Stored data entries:
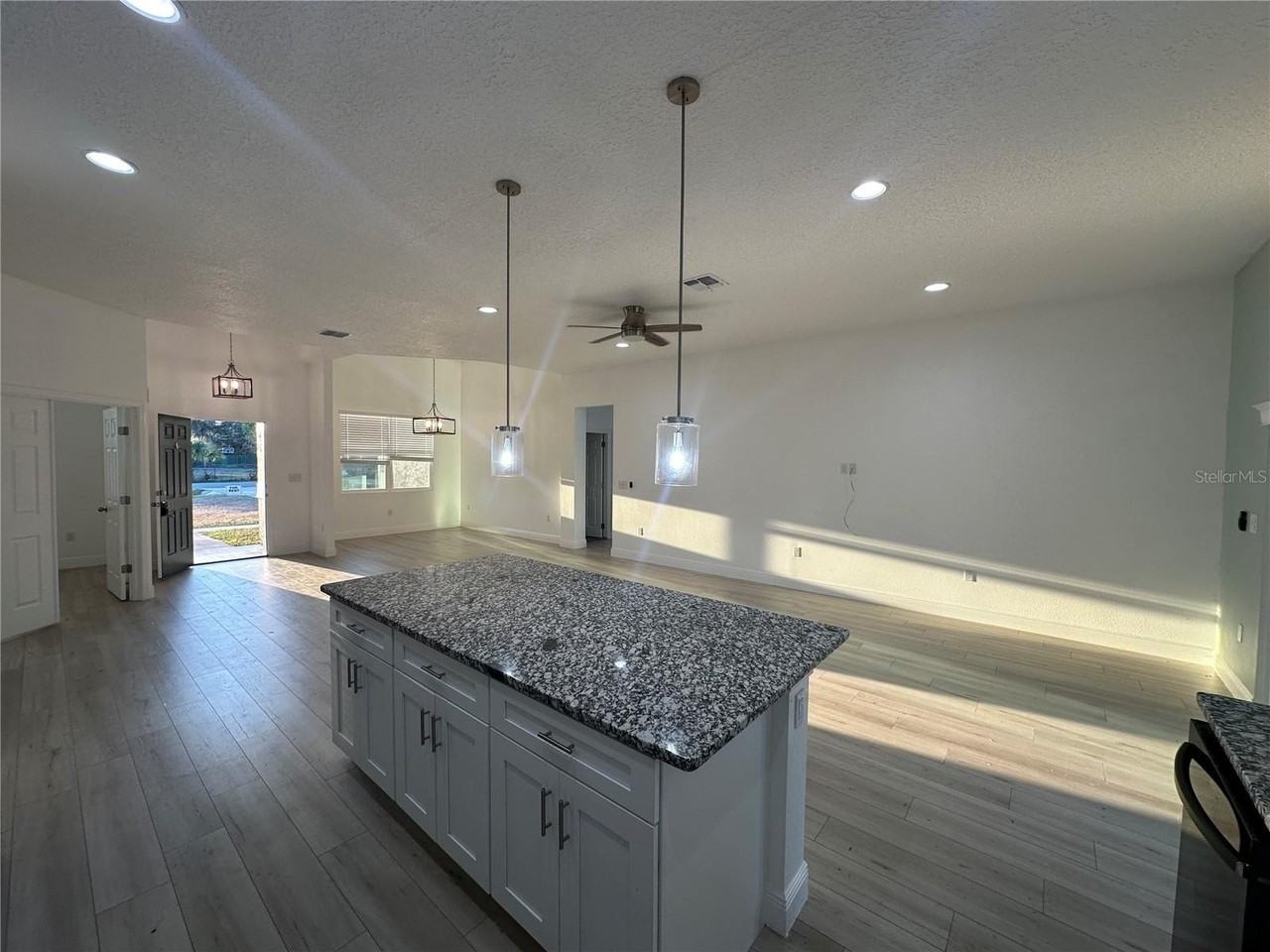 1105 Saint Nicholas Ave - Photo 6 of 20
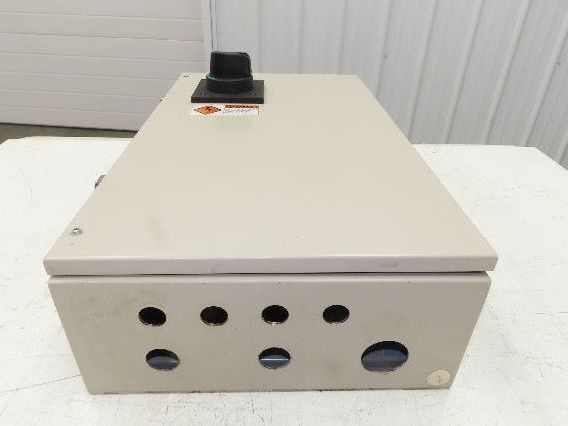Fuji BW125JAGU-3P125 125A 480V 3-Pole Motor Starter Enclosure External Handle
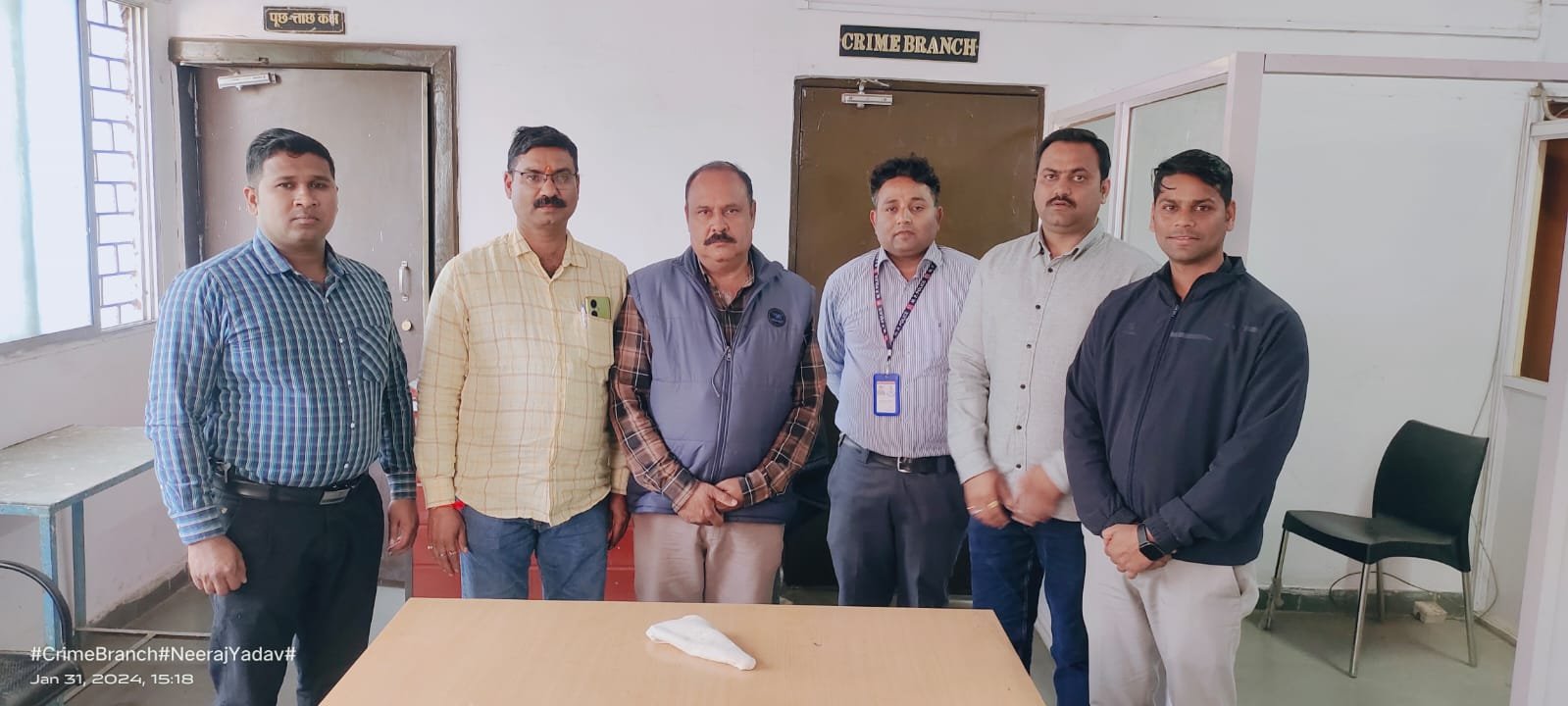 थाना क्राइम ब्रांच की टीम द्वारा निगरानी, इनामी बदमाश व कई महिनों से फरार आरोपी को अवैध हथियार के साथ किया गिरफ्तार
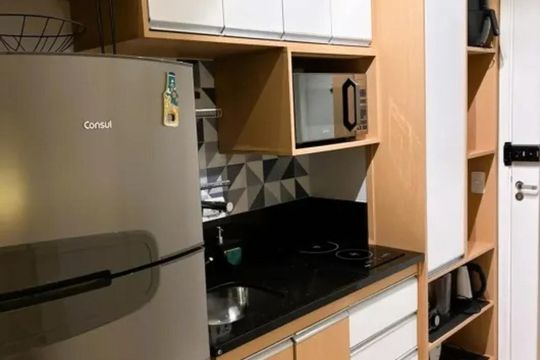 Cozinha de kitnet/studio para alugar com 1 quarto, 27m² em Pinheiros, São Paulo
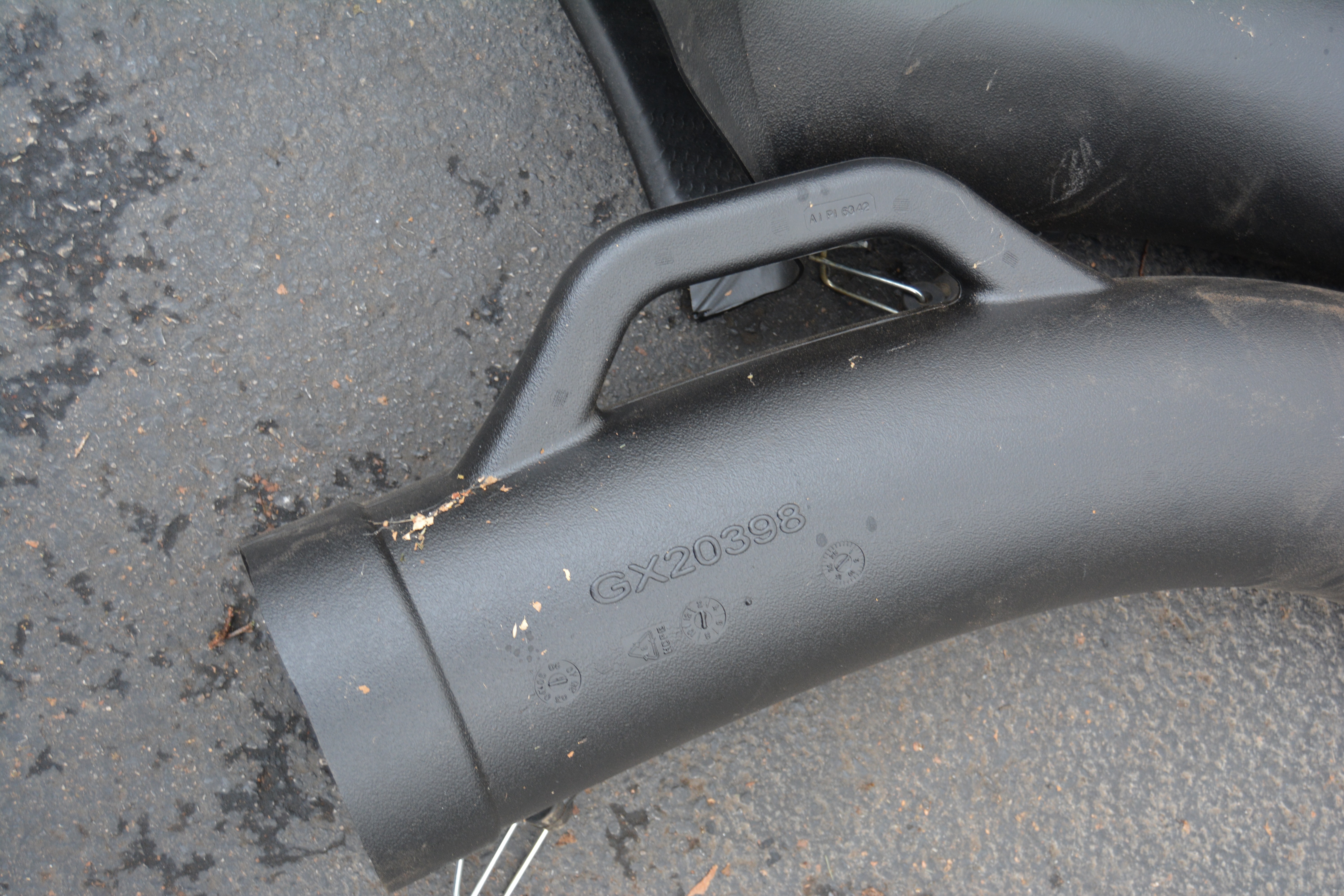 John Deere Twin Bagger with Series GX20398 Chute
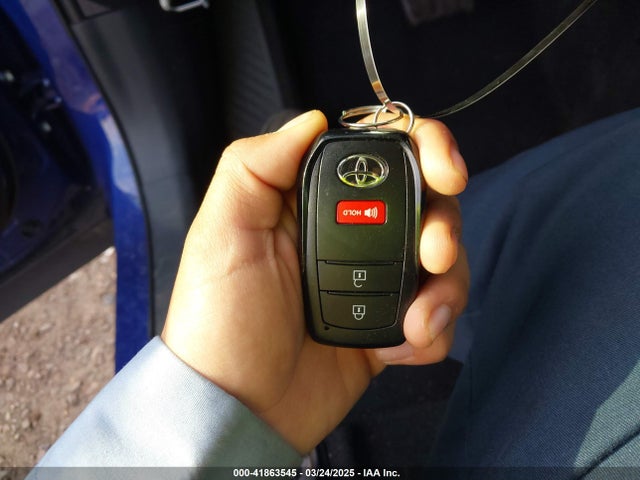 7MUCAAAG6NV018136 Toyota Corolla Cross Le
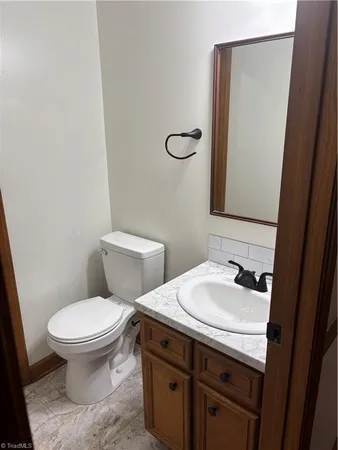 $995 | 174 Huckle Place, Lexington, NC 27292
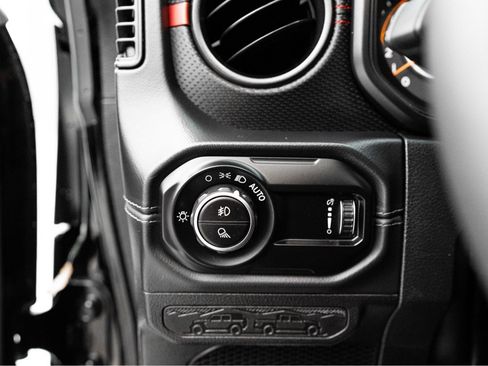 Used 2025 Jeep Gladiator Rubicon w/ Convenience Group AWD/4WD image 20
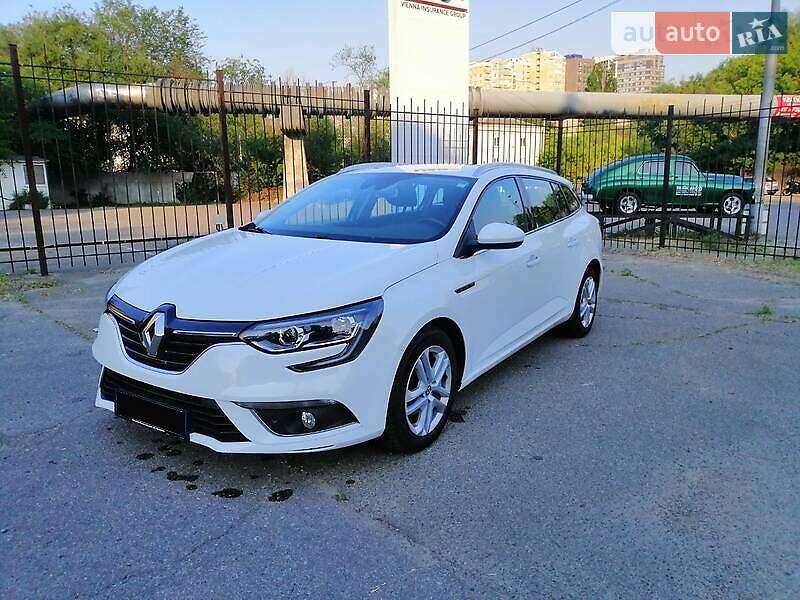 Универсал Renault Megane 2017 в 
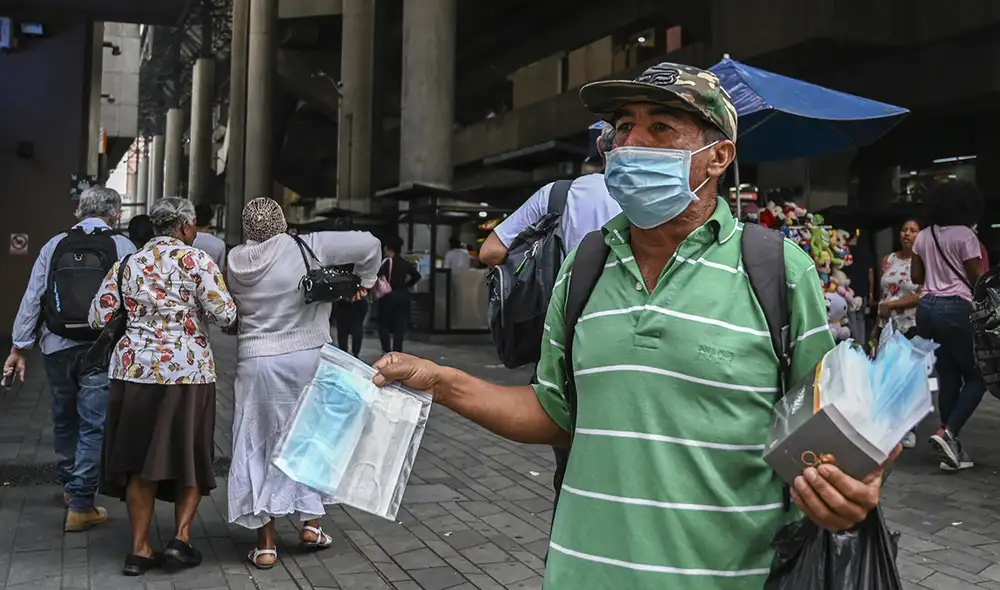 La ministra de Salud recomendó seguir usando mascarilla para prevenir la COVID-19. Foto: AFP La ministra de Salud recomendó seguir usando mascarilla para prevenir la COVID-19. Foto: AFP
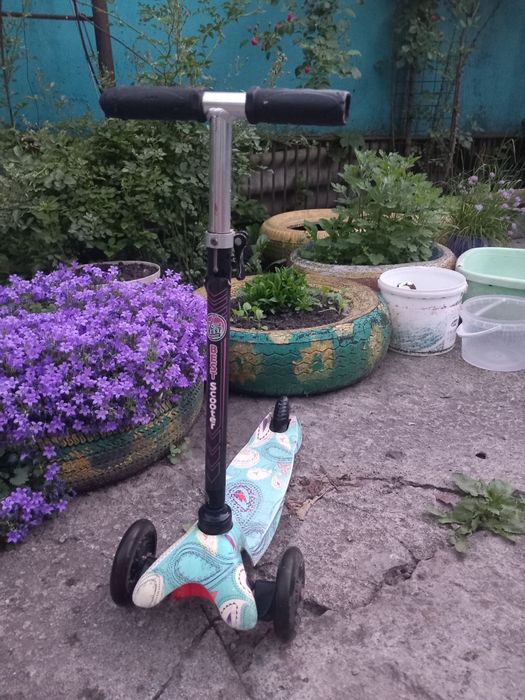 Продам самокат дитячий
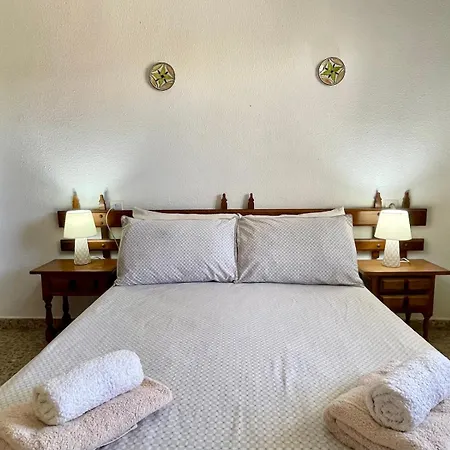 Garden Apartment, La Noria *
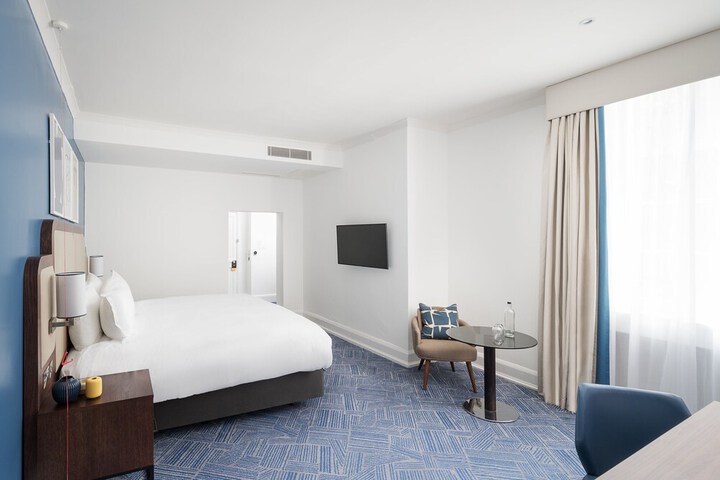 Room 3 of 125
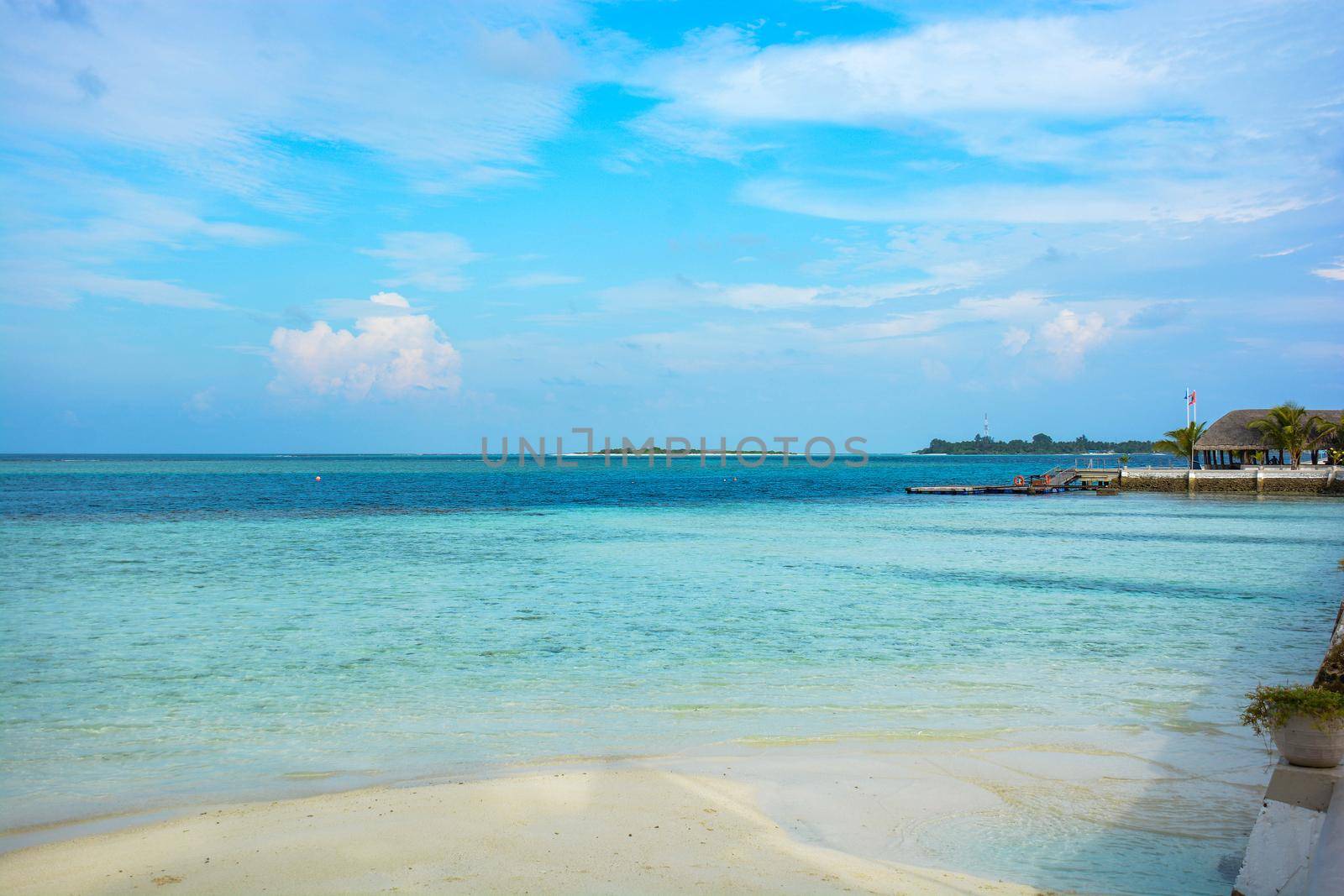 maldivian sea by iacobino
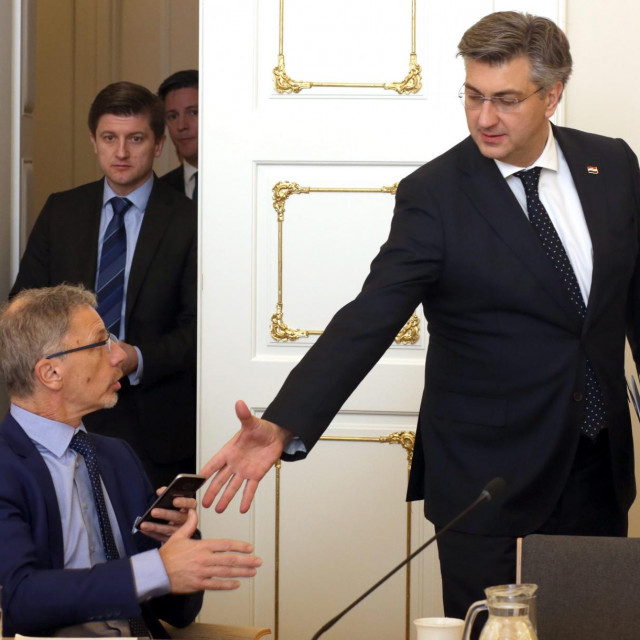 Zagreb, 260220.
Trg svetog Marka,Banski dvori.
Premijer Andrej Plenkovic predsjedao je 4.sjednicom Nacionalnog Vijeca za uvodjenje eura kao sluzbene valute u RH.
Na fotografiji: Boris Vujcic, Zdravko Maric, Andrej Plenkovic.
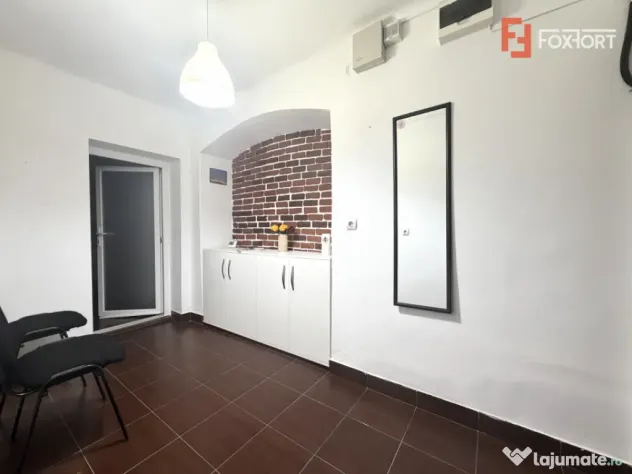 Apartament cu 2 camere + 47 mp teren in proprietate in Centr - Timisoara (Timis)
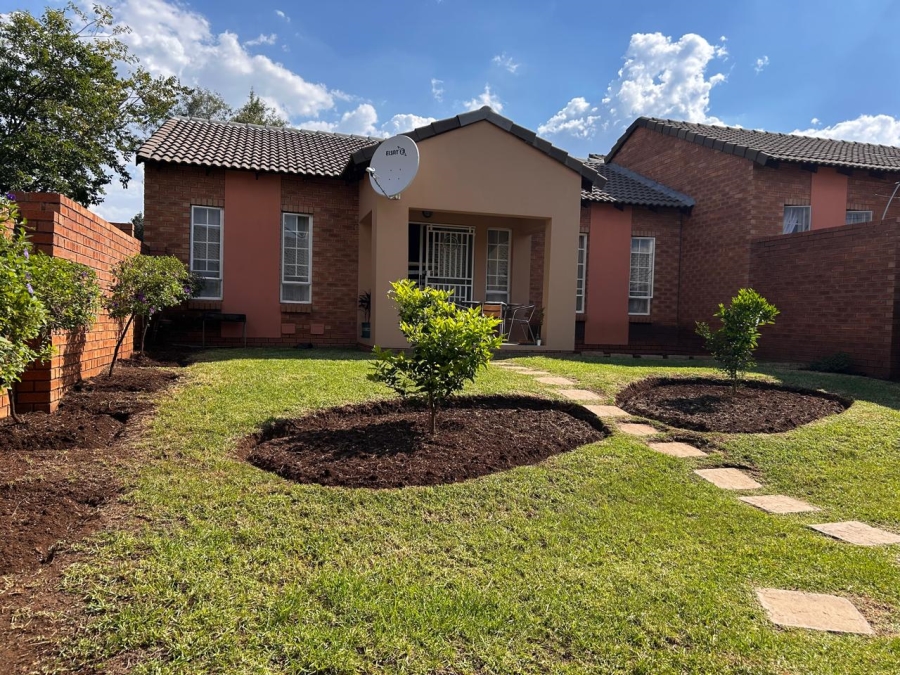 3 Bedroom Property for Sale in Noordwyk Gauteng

* _WORK TO BE COMPLETED_
Go through the data and show each line that holds "Plenkovic".

* _SOLVED PROBLEM_
Premijer Andrej Plenkovic predsjedao je 4.sjednicom Nacionalnog Vijeca za uvodjenje eura kao sluzbene valute u RH.
Na fotografiji: Boris Vujcic, Zdravko Maric, Andrej Plenkovic.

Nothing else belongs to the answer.